Faith Great and Small (Matthew 8: 5 – 13)Posted: June 24, 2018
The account of the healing of the centurion’s servant as recording in St. Matthew’s gospel (Mt 8: 5 – 13) is a demonstration of great faith by the gentile Roman. The exchange between Jesus and the centurion occurred as Jesus was entering Capernaum: “A centurion approached him urging him to heal his servant saying, ‘Lord, my servant has been placed in my house paralyzed and is suffering greatly’” (MT 8: 6). Jesus agrees to come to heal the servant. However, the centurion objects and gives his famous response: “Lord, I am not worthy that you should come under the roof of my house, but only say the word and my servant will be healed” (MT 8: 8). Our Lord marveled at this and gives his commentary: “Truly, truly I say to you in no one in Israel have I found such faith!” (Mt 8: 10).
In this gospel passage we have an account of a great demonstration of faith manifested before Christ, his disciples, and the crowd that followed along that day. Such great demonstrations of faith are rare. In fact, Jesus also marveled at lack of faith (Mk 6: 6). Therefore, we dare not have fantasies that we will be able to make such a great demonstration of our personal faith, and have such an outcome as did the centurion. Such an opportunity may come our way, but would we able to respond in a way that would please our Lord? Honestly, we may fail.
However, we are given lesser chances to demonstrate our faith every day. These exercises of faith are quiet and private. They will likely be witnessed only by God as we move through our lives — mundane as they may be. So, we should see such small opportunities as great opportunities to grow our personal faith in Christ. For example, a novice to weight lifting cannot expect to bench press 200 pounds on day one. This would be both foolish and dangerous. Rather, lesser weights are engaged along with some proper assistance and even coaching. This method will increase strength and stamina, and the goal obtained.
Daily exercises of faith are everywhere — we just need to open our eyes and our hearts to the opportunities before us. With every encounter, every situation we have the choice of consent or denial. If we consent to the situation/encounter before us we enter into it. With our consent we are transformed. With our consent we enter more fully into the life of Christ. With our consent our faith grows. By our consent we are in a relationship with the circumstance and those who are in it with us. With this entrance we exert faith as we are in Christ. If we deny the opportunity we atrophy and faith remains weak.

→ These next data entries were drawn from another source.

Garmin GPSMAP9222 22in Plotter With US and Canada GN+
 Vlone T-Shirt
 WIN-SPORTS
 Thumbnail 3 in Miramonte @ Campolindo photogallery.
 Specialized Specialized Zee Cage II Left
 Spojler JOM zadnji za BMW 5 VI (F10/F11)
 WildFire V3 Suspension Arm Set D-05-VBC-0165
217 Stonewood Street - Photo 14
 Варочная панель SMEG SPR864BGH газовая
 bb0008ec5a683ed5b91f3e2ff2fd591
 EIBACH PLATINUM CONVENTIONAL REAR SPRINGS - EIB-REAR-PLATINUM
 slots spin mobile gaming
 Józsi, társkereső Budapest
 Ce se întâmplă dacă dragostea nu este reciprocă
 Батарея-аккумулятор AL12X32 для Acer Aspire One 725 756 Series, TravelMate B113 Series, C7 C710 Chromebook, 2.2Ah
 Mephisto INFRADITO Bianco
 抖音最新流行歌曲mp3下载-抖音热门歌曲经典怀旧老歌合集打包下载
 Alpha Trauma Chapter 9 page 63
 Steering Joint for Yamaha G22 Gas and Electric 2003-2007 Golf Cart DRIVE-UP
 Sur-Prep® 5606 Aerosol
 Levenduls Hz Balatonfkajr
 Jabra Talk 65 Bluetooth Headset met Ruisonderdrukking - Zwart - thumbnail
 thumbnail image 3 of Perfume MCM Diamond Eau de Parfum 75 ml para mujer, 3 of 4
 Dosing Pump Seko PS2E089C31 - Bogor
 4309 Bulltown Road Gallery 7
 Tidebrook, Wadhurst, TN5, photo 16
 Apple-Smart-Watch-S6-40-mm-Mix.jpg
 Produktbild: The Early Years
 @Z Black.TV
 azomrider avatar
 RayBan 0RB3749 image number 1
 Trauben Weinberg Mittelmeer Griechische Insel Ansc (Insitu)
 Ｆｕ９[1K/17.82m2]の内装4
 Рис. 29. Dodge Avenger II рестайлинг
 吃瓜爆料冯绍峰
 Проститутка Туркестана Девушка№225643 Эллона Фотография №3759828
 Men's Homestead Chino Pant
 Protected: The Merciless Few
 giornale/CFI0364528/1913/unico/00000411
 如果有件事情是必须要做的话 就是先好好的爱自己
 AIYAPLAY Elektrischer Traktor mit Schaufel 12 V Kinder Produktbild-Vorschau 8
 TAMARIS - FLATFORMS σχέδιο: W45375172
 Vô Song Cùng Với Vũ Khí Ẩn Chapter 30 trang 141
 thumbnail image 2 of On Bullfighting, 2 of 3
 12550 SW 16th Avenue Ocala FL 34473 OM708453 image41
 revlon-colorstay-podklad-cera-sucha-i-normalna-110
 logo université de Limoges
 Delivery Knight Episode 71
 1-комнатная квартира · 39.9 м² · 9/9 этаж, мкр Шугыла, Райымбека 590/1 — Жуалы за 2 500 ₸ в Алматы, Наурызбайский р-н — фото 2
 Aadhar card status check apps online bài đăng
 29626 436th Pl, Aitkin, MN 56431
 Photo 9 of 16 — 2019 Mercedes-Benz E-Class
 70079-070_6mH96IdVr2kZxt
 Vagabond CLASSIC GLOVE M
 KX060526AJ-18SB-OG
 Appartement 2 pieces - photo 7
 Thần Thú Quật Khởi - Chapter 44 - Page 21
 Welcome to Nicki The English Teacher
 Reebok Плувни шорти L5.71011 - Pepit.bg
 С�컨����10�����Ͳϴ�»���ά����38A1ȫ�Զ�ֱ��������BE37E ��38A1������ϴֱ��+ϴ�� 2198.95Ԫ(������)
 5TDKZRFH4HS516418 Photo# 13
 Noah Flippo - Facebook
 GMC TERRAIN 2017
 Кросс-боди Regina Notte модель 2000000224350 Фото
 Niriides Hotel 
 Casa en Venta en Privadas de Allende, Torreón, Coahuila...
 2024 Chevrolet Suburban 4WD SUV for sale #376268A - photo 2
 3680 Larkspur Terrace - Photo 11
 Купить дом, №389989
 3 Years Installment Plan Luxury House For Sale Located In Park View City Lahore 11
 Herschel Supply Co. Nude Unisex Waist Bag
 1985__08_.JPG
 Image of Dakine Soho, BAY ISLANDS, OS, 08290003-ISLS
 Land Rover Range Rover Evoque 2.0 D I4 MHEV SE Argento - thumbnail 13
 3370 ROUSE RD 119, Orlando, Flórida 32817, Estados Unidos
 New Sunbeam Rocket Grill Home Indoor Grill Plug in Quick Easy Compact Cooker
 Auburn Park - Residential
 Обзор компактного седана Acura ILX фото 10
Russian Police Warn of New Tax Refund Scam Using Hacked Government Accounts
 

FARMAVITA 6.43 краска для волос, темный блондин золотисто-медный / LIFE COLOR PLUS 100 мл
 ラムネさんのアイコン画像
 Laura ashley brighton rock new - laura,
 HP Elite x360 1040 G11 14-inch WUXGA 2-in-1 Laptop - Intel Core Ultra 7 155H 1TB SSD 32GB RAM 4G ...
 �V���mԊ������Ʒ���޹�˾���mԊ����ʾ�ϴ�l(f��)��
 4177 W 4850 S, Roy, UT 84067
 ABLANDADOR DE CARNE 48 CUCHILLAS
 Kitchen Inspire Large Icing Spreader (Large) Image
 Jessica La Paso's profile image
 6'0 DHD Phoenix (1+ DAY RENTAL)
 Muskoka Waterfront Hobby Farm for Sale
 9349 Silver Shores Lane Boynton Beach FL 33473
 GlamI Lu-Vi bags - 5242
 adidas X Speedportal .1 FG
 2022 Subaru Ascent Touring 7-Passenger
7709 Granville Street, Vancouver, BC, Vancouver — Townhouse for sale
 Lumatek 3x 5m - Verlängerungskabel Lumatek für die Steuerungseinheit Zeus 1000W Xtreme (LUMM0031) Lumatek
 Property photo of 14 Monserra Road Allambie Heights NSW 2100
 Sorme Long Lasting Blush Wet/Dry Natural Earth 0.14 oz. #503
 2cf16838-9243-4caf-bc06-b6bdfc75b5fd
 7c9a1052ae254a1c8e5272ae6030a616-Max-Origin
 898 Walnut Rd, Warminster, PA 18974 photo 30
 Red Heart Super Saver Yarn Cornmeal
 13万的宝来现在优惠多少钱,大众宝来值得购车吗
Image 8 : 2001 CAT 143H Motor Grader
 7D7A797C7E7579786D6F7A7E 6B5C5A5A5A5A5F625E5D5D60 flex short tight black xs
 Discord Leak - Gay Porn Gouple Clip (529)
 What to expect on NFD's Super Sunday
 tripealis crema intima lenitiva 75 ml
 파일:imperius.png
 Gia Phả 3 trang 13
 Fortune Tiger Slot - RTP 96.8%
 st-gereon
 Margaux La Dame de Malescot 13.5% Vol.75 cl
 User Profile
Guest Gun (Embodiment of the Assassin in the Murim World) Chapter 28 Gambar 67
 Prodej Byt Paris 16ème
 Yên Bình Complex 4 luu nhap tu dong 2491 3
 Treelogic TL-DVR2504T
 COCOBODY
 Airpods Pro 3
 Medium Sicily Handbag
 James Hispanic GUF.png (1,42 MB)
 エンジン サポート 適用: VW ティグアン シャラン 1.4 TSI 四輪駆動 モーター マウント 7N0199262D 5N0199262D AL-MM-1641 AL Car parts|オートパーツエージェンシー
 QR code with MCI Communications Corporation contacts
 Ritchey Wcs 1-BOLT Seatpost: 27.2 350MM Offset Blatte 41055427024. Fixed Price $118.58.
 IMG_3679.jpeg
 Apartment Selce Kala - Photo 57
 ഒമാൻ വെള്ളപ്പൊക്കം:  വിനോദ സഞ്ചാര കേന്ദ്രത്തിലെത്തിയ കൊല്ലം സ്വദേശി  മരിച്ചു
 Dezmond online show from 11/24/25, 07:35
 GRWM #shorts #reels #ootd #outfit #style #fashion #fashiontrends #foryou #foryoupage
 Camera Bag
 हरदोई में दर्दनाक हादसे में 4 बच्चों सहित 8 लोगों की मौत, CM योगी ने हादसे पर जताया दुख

What is our mindset to be? What spiritual tools do we have to guide us? St. Paul offers this:
Rejoice always. Pray constantly. Give thanks in, with, and for all things for this is the will of God for you in Christ Jesus (1 Thes 5: 16 – 18).
In the challenging situation we can either deny the opportunity and walk away, or consent to engage the situation with joy, prayer and thanksgiving for the opportunity. When the challenging, difficult person is encountered we can choose to deny and walk away, or consent and engage the person with joy, prayer, and thanksgiving. Faith isn’t an intellectual concept. It is not an emotion. Faith is demonstrated by action.
Furthermore, when we consent with joy, prayer, and thanksgiving we are living eucharistically. When we, by faith, consume the Body and Blood of Christ he is in us and we are in him. With consent’s faith, joy, prayer, and thanksgiving we bear Christ into each and every situation. And, by our ongoing participation in every Divine Liturgy, we bring all we do by faith back to the Altar. Here all we do by faith are joined to the gifts of bread and wine where they have their transformation in Christ in the Eucharist: “Thine own of thine own, we offer unto thee in behalf of all and for all!”
I conclude with a prayer I offer to you:
Heavenly Father, I pray this day I would be living the eucharistic life which is in accordance to your will for me in Christ Jesus. Thus, by the Holy Spirit may I be giving thanks in, with, and for all things, that I might bear Christ to all and all things, and bear all and all things to Christ Jesus; that I might be self-giving and other-receiving, and come to live as broken bread and poured out wine for the life of the world and the sake of all things, to the praise and glory of your Name. Amen.